La representación del cuerpo propio y la construcción de la identidad es un tema recurrente en el arte desde el inicio de sus tiempos. El ejercicio de autoconocimiento de un artista plástico por antonomasia, el autorretrato, se remonta a más de mil años antes de Cristo. Desde ese momento en adelante, esta forma de recrearse ha estado presente en todos los estilos pictóricos y escultóricos de la historia, pero fue a partir del Renacimiento que adquirió entidad como un género independiente. Fue por ese entonces que dejó de ser un elemento más de la obra que cumplía el rol de ser una marca de autoría, y comenzó a explorarse como una forma de indagar en las diferentes formas posibles de figurarse a uno mismo.

Este género ha evolucionado a lo largo de los siglos, con estilos más o menos apegados al realismo a lo largo de su desarrollo, pudiendo llegar a la pura abstracción en algunos casos, cuando el artista elige representar no sus rasgos físicos, sino su subjetividad. Así, desde el siglo XV en adelante, la experimentación en torno a esta forma de expresión ha crecido exponencialmente.

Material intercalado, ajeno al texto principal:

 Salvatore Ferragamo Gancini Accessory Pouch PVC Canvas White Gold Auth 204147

En pintura, donde más se enfocó su desarrollo, su evolución comenzó desde el Autorretrato de Durero en 1498 (el primer pintor occidental en representarse a sí mismo), pasando por Rembrandt, que realizó múltiples autorretratos en distintos momentos de su vida, hasta van Gogh, que pintó más de cuarenta variaciones de sí mismo antes de morir en 1890.

Pero la pintura no fue la única disciplina que indaga en los relatos del yo. En las artes plásticas que podríamos llamar “modernas”, en tanto se salen de la tradición y exploran nuevas posibilidades de expresión, tenemos ejemplos de autorretratos que llevan el concepto al extremo: la obra se hace con partes del cuerpo del artista. En ese lugar podemos ubicar a Self (1991), una réplica de la cabeza de Marc Quinn (1964, Londres) hecha completamente de la sangre congelada del artista británico. La obra que lo posicionó como un referente del arte contemporáneo surgió, literalmente, de las entrañas de su creador.

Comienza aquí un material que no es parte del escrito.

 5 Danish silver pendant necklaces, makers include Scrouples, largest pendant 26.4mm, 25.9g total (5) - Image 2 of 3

El proceso de elaboración fue relativamente sencillo: un molde de su cabeza inmerso en silicona congelada y más de cinco litros de su propia sangre fueron los materiales utilizados. Un autorretrato en su forma casi pura, donde el rostro expuesto es una extensión del cuerpo en su acepción literal. Aunque es necesario aclarar que, para que la sangre se mantenga en estado sólido, la obra es emplazada siempre con un equipo refrigerante que la mantiene a temperaturas bajo cero. Sin embargo, Quinn interpretó posteriormente esta “dependencia” de la obra como una analogía de lo que él atravesaba en ese momento, una adicción al alcohol que lo acompañó durante los inicios de su carrera. De esta manera, lo que en un primer lugar aparecía como un elemento que perturbaba la pureza de la auto representación adquirió nuevos matices al dialogar con aspectos personales de la vida del artista, dando lugar a significados que exceden la mera similitud física entre representante y representado.

Lo que en principio fue pensado como una obra única se volvió una serie para Quinn; cada cinco años, hasta la actualidad, crea una nueva escultura de su cabeza hecha completamente de su sangre, como si se tratara de un ritual en el que entrega una parte de su cuerpo a cambio de algo. Cada un lustro realiza cinco sesiones de extracción para llevar a cabo una obra que siempre es la misma y que, a la vez, se modifica con el paso del tiempo. El fluido vital se renueva y vuelve a correr por sus venas. La composición química es la misma, las variaciones del conteo celular son superfluas. Su sangre es siempre igual. Pero el líquido expuesto a las bajas temperaturas adopta las formas de un rostro cambiante que queda congelado, cada cinco años, en una fotografía sangrienta del paso del tiempo.